╭─ MATERIALS PROVIDED

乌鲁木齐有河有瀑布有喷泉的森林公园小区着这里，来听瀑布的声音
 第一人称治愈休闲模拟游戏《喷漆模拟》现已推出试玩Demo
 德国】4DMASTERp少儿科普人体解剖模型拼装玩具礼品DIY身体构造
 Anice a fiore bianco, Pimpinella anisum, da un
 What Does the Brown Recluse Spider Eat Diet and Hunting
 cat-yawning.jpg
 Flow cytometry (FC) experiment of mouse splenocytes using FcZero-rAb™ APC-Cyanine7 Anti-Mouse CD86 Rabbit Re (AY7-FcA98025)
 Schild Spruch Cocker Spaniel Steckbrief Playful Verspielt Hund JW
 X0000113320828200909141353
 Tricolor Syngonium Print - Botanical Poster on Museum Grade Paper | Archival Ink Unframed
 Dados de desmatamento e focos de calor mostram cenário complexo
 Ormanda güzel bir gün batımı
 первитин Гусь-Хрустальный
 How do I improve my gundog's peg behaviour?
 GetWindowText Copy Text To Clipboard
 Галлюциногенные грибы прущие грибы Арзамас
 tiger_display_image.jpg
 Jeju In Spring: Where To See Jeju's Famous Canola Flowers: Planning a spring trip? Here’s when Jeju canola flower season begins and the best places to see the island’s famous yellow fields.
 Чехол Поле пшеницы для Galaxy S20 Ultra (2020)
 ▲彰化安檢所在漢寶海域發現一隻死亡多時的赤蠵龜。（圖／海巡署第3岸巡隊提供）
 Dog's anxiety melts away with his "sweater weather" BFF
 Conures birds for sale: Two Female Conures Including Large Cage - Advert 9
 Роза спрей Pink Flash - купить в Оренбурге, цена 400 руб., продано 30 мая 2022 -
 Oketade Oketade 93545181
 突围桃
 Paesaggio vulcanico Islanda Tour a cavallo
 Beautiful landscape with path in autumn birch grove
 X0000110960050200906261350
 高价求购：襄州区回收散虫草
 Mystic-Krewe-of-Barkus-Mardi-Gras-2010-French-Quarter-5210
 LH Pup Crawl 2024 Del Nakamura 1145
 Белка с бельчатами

╰─

## WHAT THE TASK REQUIRES:
Exact copies of all the lines above are required.

## RESULT:
乌鲁木齐有河有瀑布有喷泉的森林公园小区着这里，来听瀑布的声音
 第一人称治愈休闲模拟游戏《喷漆模拟》现已推出试玩Demo
 德国】4DMASTERp少儿科普人体解剖模型拼装玩具礼品DIY身体构造
 Anice a fiore bianco, Pimpinella anisum, da un
 What Does the Brown Recluse Spider Eat Diet and Hunting
 cat-yawning.jpg
 Flow cytometry (FC) experiment of mouse splenocytes using FcZero-rAb™ APC-Cyanine7 Anti-Mouse CD86 Rabbit Re (AY7-FcA98025)
 Schild Spruch Cocker Spaniel Steckbrief Playful Verspielt Hund JW
 X0000113320828200909141353
 Tricolor Syngonium Print - Botanical Poster on Museum Grade Paper | Archival Ink Unframed
 Dados de desmatamento e focos de calor mostram cenário complexo
 Ormanda güzel bir gün batımı
 первитин Гусь-Хрустальный
 How do I improve my gundog's peg behaviour?
 GetWindowText Copy Text To Clipboard
 Галлюциногенные грибы прущие грибы Арзамас
 tiger_display_image.jpg
 Jeju In Spring: Where To See Jeju's Famous Canola Flowers: Planning a spring trip? Here’s when Jeju canola flower season begins and the best places to see the island’s famous yellow fields.
 Чехол Поле пшеницы для Galaxy S20 Ultra (2020)
 ▲彰化安檢所在漢寶海域發現一隻死亡多時的赤蠵龜。（圖／海巡署第3岸巡隊提供）
 Dog's anxiety melts away with his "sweater weather" BFF
 Conures birds for sale: Two Female Conures Including Large Cage - Advert 9
 Роза спрей Pink Flash - купить в Оренбурге, цена 400 руб., продано 30 мая 2022 -
 Oketade Oketade 93545181
 突围桃
 Paesaggio vulcanico Islanda Tour a cavallo
 Beautiful landscape with path in autumn birch grove
 X0000110960050200906261350
 高价求购：襄州区回收散虫草
 Mystic-Krewe-of-Barkus-Mardi-Gras-2010-French-Quarter-5210
 LH Pup Crawl 2024 Del Nakamura 1145
 Белка с бельчатами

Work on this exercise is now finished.